For the sake of parity, I now quote the definition of marketing offered by Philip Kotler, considered one of the foremost experts and pioneers of marketing management. In his renowned work Marketing Management, Philip Kotler gives us a simple and explanatory definition:

“Marketing is about identifying and satisfying human and social needs”.

He goes on to describe it as that:

“Social process through which individuals and groups obtain what they need through the creation, supply, and exchange of valuable products and services”.

Wanting then to bring the concept of marketing back to the specific field of museums, the most appropriate definition is, in my opinion, the one proposed by P. Lewis whose professional genesis, not by chance, derives from museum activity and not from commercial activity. In Museums and Marketing, he writes:

“Marketing is the management process that confirms the mission of a museum or gallery and is responsible for the efficient identification, anticipation and satisfaction of the needs of its users”. He also adds that “it would be desirable to speak of consumers rather than adventurers, better still of tourists rather than consumers, of visitors rather than tourists, and of users rather than visitors”.

Museum marketing is thus understood as a non-random process aimed at achieving the mission, which serves the museum and seeks to bring the offer closer to the desires of a potential public interested in art.
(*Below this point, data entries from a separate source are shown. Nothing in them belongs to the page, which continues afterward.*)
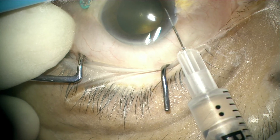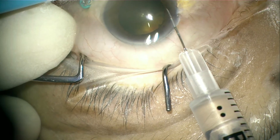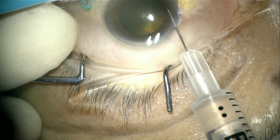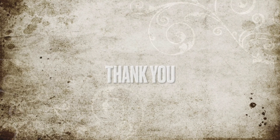Once we have aspirated the required amount of aqueous, the needle is removed and the wound is observed for any leaking. Leaking is rare with a 27 gauge or 30 gauge needle. Moreover, the corneal wound is made long, as in this case.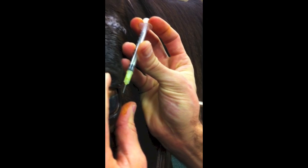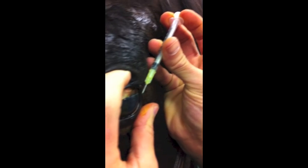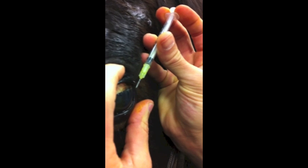Slightly tilt. Can you see? Do you have a good angle? Kind of, yeah. I think that's okay.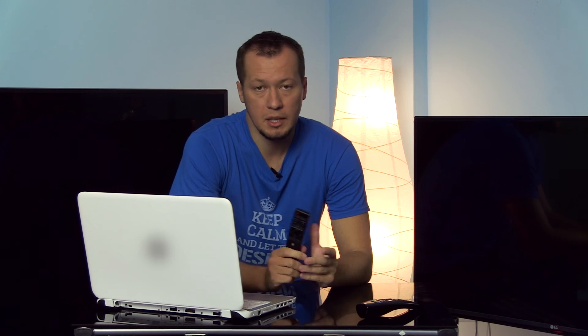So thank you for watching, thanks to all my subscribers, and see you soon in some other video.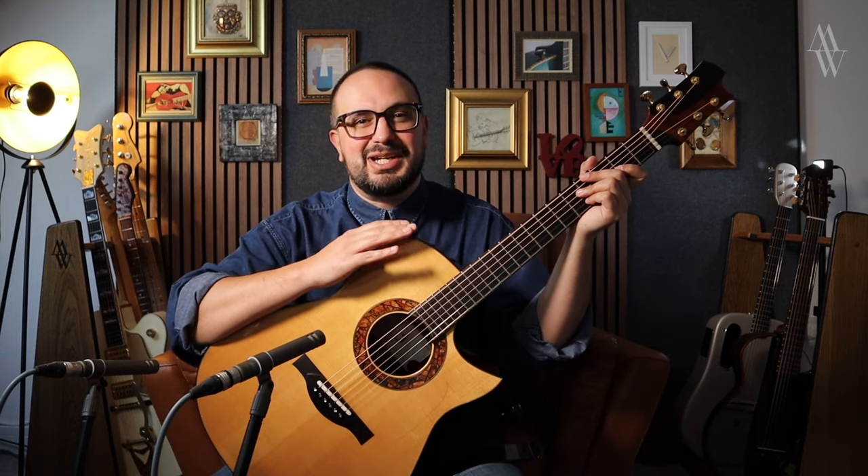This is a 14 fret guitar with a 25.25 inch scale length. I do play a lot of 12 fret guitars as well, though normally with a 25 inch scale length, but it's nice every once in a while to come back to the rich, muscular tone of a 14 fret.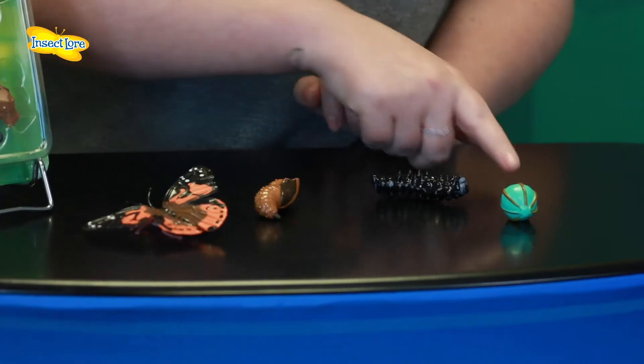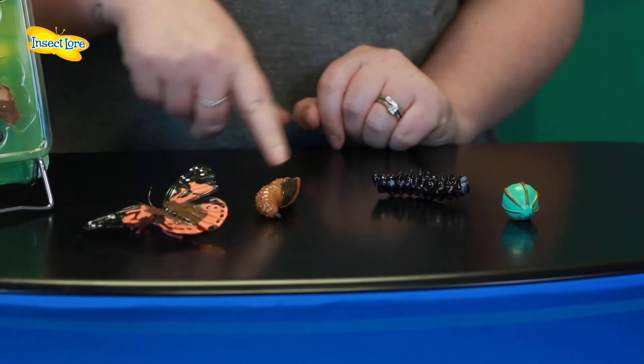Why not make a fun game out of it? Mix them up and ask your child to put the cycle back together again.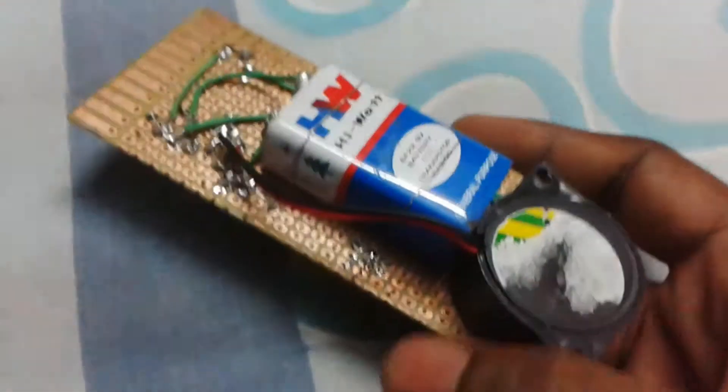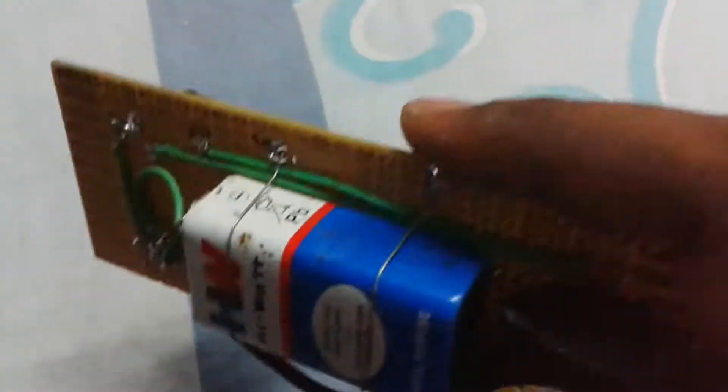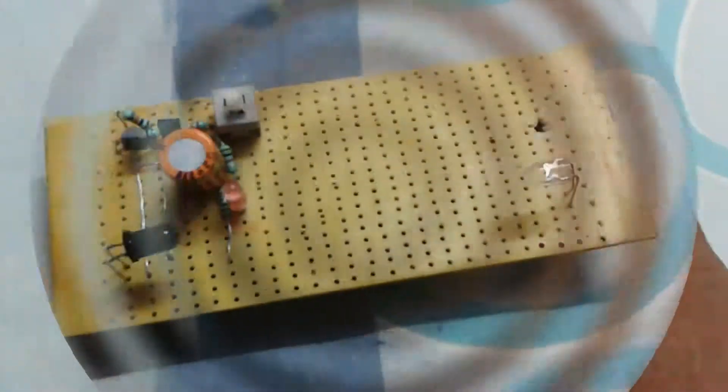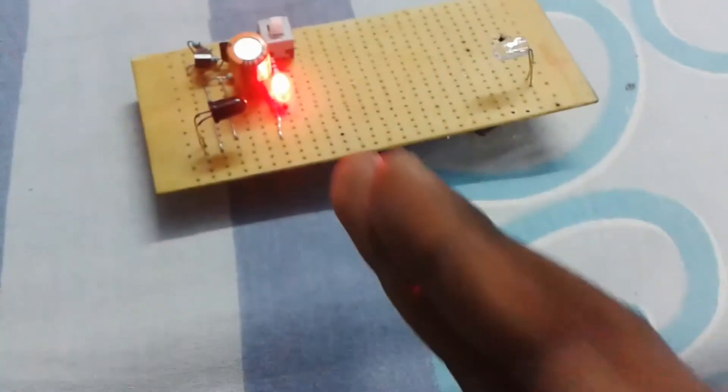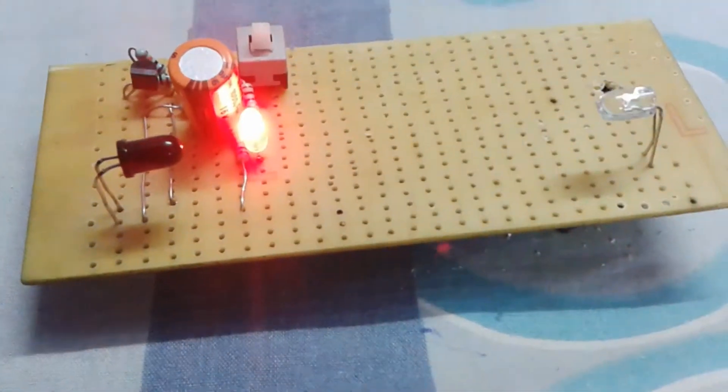Now it's complete. I have placed the battery and the buzzer on the back side. I'm switching on the circuit — I placed a red LED that indicates the circuit is on. When an unauthorized person enters from the gate, the buzzer will start.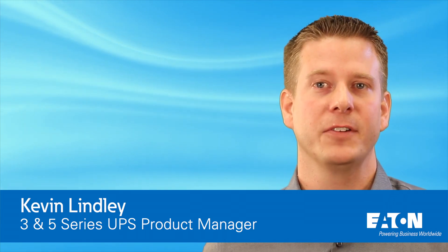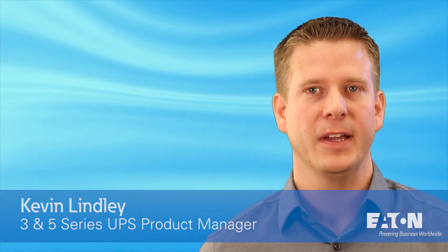Hi, my name is Kevin Lindley, product manager for Eaton's 3 and 5 Series UPS, and I'm going to talk to you about three reasons why you should choose the 5P Rack Compact UPS for your next edge deployment.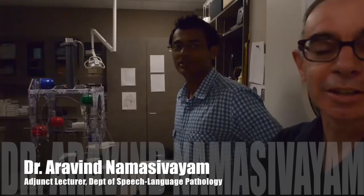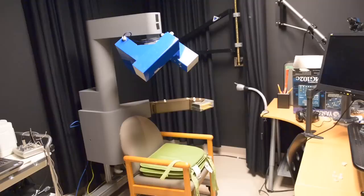This is Dr. Aravind Namasivayam, who is the lab research director, because he does most of the experiments. He works closely with me on a variety of different projects.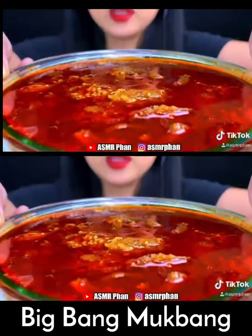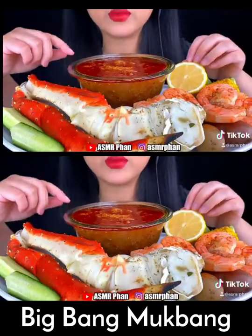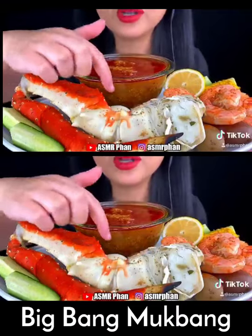So I made this with a ton of chili oil. There's only three tablespoons of butter. Also an egg in here.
In practice, the museum should be able to conserve and enhance its heritage and, at the same time, effectively manage funding – both public and private – in order to meet the cultural needs of its target audience. This operation would also create a useful spin-off that would indirectly lead to economic benefits for the local community and operators in the area.

Museum marketing strategies

But how is it possible to manage the complex network of interests composed of consumers, stakeholders (i.e. those with an interest in a given economic project), public financiers, and local entrepreneurs without distorting the museum institution?

It must be considered that to date the ontological gap between the world of culture and the corporate-economic world has not been completely bridged; very often these two worlds speak different languages and feel threatened by each other’s presence.

However, it is clear that the management and enhancement of cultural heritage today cannot disregard precise marketing and communication strategies, which are essential in the promotion of a single artistic event as well as in the entire management of a museum or any other cultural institution.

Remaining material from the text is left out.